There were a few plot twists, one of which I guessed pretty early on, but a second plot twist related to the first I did not guess until the page it happened when you were supposed to see it at the same time as the characters. Brooks chose not to focus on the numerous deaths, but instead on a core group of survivors and when they sicken, or not as the case may be, you immediately begin to question when and your anticipation builds.
As invested as I was in the characters, I wasn’t emotionally drained as I often am when I read books and I wonder if that is a result of Brooks’ talent. The book opens and the protagonist, Anna, speaks of the current resident’s emotionless trance. She speaks of how they are all numbed to death and in a way, as the novel progresses the reader as well becomes deadened to it.

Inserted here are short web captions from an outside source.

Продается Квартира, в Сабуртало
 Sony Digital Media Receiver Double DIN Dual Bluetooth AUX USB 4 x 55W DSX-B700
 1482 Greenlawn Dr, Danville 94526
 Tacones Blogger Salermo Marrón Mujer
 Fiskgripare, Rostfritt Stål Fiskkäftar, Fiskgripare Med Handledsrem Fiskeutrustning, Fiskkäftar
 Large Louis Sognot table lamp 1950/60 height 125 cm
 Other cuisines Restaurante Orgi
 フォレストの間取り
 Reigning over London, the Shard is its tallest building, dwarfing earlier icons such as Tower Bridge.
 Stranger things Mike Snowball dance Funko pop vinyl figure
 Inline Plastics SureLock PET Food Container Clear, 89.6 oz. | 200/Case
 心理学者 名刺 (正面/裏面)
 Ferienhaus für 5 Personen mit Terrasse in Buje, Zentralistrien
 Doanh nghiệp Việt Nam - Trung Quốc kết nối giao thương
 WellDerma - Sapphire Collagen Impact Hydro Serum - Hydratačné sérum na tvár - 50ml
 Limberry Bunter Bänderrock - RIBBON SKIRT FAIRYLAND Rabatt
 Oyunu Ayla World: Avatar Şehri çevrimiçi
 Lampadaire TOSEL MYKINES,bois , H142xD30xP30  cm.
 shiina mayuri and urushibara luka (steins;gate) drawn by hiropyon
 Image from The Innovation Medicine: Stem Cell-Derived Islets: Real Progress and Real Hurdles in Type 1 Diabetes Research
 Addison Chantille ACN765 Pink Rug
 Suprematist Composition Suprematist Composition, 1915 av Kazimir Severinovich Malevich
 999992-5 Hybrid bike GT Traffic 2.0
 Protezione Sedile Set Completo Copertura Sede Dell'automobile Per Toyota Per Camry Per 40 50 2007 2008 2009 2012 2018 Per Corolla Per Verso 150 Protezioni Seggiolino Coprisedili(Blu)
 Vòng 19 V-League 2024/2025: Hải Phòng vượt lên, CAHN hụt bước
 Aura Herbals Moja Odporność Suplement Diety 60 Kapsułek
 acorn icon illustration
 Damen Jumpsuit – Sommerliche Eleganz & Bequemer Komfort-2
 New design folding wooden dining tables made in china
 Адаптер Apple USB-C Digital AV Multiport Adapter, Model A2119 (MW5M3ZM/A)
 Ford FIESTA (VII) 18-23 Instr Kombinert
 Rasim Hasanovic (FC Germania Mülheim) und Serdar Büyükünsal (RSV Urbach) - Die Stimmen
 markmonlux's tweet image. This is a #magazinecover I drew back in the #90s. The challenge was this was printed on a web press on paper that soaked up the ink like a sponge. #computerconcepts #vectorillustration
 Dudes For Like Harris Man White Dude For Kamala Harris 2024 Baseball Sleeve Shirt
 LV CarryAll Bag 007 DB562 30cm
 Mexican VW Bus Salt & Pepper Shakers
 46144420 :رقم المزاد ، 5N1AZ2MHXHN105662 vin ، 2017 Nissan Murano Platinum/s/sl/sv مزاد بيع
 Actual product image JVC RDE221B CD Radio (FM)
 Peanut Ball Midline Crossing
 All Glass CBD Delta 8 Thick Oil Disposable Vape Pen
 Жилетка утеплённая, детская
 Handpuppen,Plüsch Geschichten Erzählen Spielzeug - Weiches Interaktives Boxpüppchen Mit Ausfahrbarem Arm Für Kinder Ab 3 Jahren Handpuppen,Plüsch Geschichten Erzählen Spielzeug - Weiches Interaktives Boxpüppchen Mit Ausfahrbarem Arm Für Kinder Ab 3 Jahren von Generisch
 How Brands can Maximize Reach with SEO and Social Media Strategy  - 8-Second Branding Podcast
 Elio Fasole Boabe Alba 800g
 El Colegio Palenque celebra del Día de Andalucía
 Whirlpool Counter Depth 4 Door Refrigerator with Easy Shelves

Thankfully, at the end of the novel, again after a few “WTF” moments, there is a light at the end of the tunnel. I won’t say what it is but it was a bit expected and welcome honestly.
Recommendation: It’s a fascinating take on a recurrence of one of the darkest moments in European history. The novel made me want to find out even more about the “plague village” and that is a sign that a writer has used her source material excellently. I have one last book by Brooks on my shelf, People of the Book, and I will most definitely shift that higher in my to-be-read pile.
Opening Line: “I used to love this season.”
Closing Line: “Elinor clasps the other, and together we plunge into the jostling swarm of our city.” (Whited out.)